“…tenía hombres intentando tomar fotos bajo mi falda y llamándome puta todo el tiempo o escupiendome, intentando obtener una reacción del hombre que me acompañaba, porque así la foto valdría cuatro veces más.”
Así relata la actriz Keira Knightley sus primeros años como celebridad, luego de obtener fama mundial con la película Piratas del Caribe, por esos días tenía unos 18 años.
El estatus de celebridad supone desafíos que no son negociables, el traslado de lo privado a lo público, la cacería constante del paparazzi. Se elaboran cuentos fantasiosos, primero se erige una idea glamurosa que se vende como ideal y luego los mismos que crean esa ficción se dedican a desarmarla, para quien compra una revista celebridades es atractivo ver a su actriz favorita en un momento de gloria, pero lo que es irresistible es verla caer. En la búsqueda de la foto más costosa el desafío de los tabloides es mayor, las imágenes deben ser más crudas para triunfar entre las que circulan en las redes sociales, considerando que todos somos paparazzos potenciales al tener una cámara en el móvil.
El mercado es increíblemente lucrativo, la revista estadounidense People y la británica Hello! pagaron 14 millones de dólares por los derechos exclusivos de las primeras fotos de los gemelos de Angelina Jolie y Brad Pitt. Quienes se lucran no siempre son terceros, casos como el de Jolie y Pitt sobresalen, pero de los más interesantes existen bajo el radar de los medios, situaciones en las que una celebridad tiene su propio papparazzo contratado para tomar fotos planeadas y controladas.
Tal vez esto sirva como consuelo para las masas, considerar que es sumamente posible que las idílicas fotos que revelaron el romance de Taylor Swift y Tom Hiddleston fueran planeadas, así cabe pensar que las fotos de los nadie que somos todos los demás no sean tan insignificantes, porque tal vez la perfección que nos venden no es más que otro producto empaquetado. La estrategia de la escenificación es brillante, otorgando control y dinero a quienes son las supuestas víctimas de las cámaras.
Inadvertidamente se crea un estilo dentro de esas fotos tomadas bajo presión, acosando a alguien que no quiere ser fotografiado. Entre las estrategias prevalece la de asumir un escondite y robar la imagen. Fotos en las que hay preocupación por todo menos por la calidad estética como fotografía, lo que prima es que la celebridad en cuestión pueda ser identificada, una vez superado ese requerimiento, todo vale.
Alineada a ese modo de considerar la imagen opera la artista Alison Jackson, sus fotografías buscan mostrar escenas cotidianas de personas famosas, situaciones que nos imaginamos pero nunca hemos podido observar. Jackson considera que las celebridades son percibidas como seres bidimensionales, sólo accesibles mediante medios impresos o televisivos, esto facilita que la identidad sea suplantada, especialmente si el reemplazo nos revela algo que deseamos ver.
Algo que Jackson entiende y domina con precisión es la estética de las fotos que quiere recrear, la falta de calidad, la aparente lejanía, esas capas que hacen que la acción parezca oculta, algo que no debería hacerse público.

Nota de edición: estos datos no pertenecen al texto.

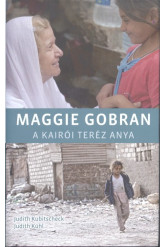 Maggie Gobran /A kairói Teréz anya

Una de sus fotografías más fuertes es la de la princesa Diana con Dodi Fayed y un bebé. Es de las pocas que no recurren a la estética del paparazzi oculto, se trata de un retrato familiar cálido que revela una fantasía perdida en la tragedia.
La eficacia del trabajo de Jackson es soportada por elecciones simples pero cruciales, la frontalidad de la foto de Diana y Dodi Fayed se antepone a la cualidad lejana y prohibida de sus fotos más recientes, en las que imagina a Donald Trump en situaciones vulgares y ridículas, algunas incluso altamente controversiales como la que lo muestra posando junto a miembros del KKK. La valentía de Jackson es incomparable, ante la negativa rotunda que recibe de los medios por esas imágenes, ella misma asume la labor de publicarlas, parte protesta, parte desafío.

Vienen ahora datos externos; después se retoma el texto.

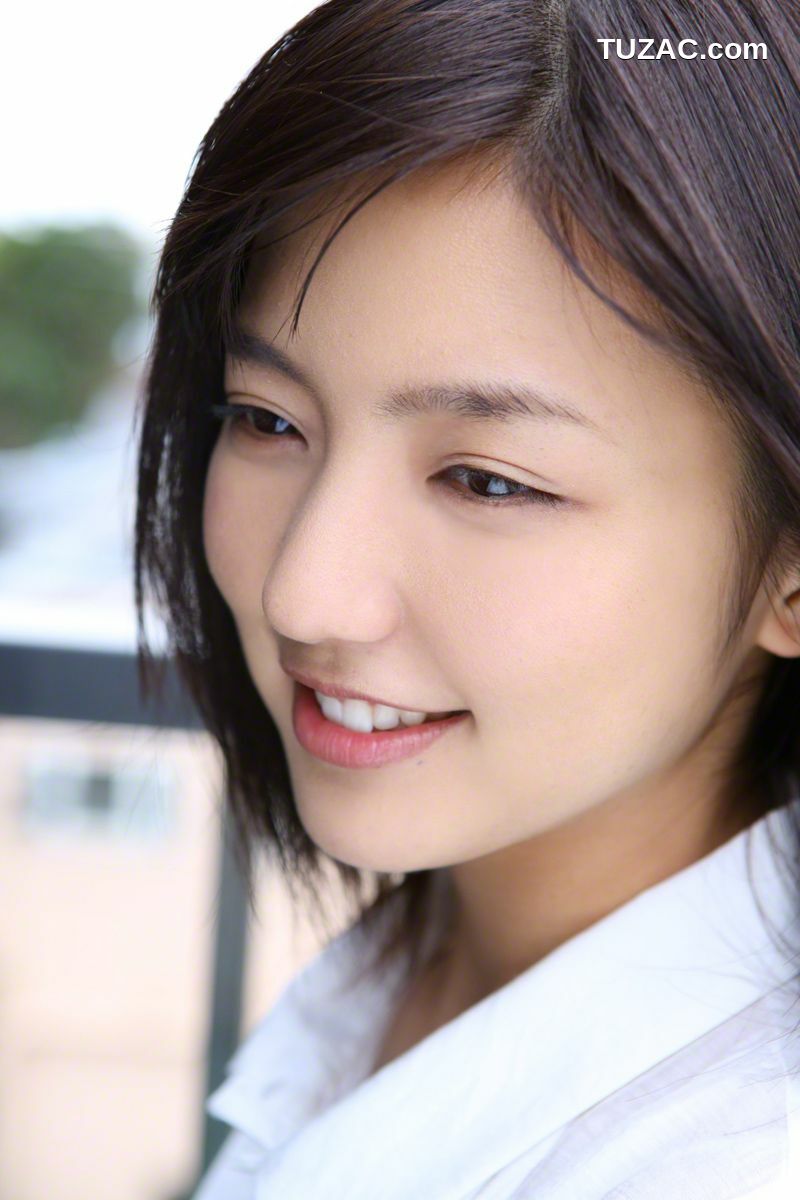 Wanibooks_ NO.131 Erina Mano 真野恵里菜 写真集[180P]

“Es como una nueva religión popular.” dice Jackson acerca del culto a las celebridades. La veracidad de una fotografía no es el centro de atracción, el potencial emocional es lo que pesa, la posibilidad de proyectar fantasías a la imagen fetiche. Las imágenes religiosas hacen eco en los afiches de celebridades como objetos de deseo, ahí reside el culto, en un deseo imposible, espejismos seductores que aluden a un mundo intocable para la persona del común. Alison Jackson nos entrega imágenes que ya existían en la mente de todos pero necesitaban ser materializadas, ella dispone un puente con el que recuerda lo frágil que es la percepción cuando se lee algo que genera dudas racionales pero a la vez es deseado profundamente, su postura como artista consigue mantener el pacto ficcional que asumen sus espectadores, recuerda el poder tremendo de la fotografía como medio de espejismos y verdades elegidas.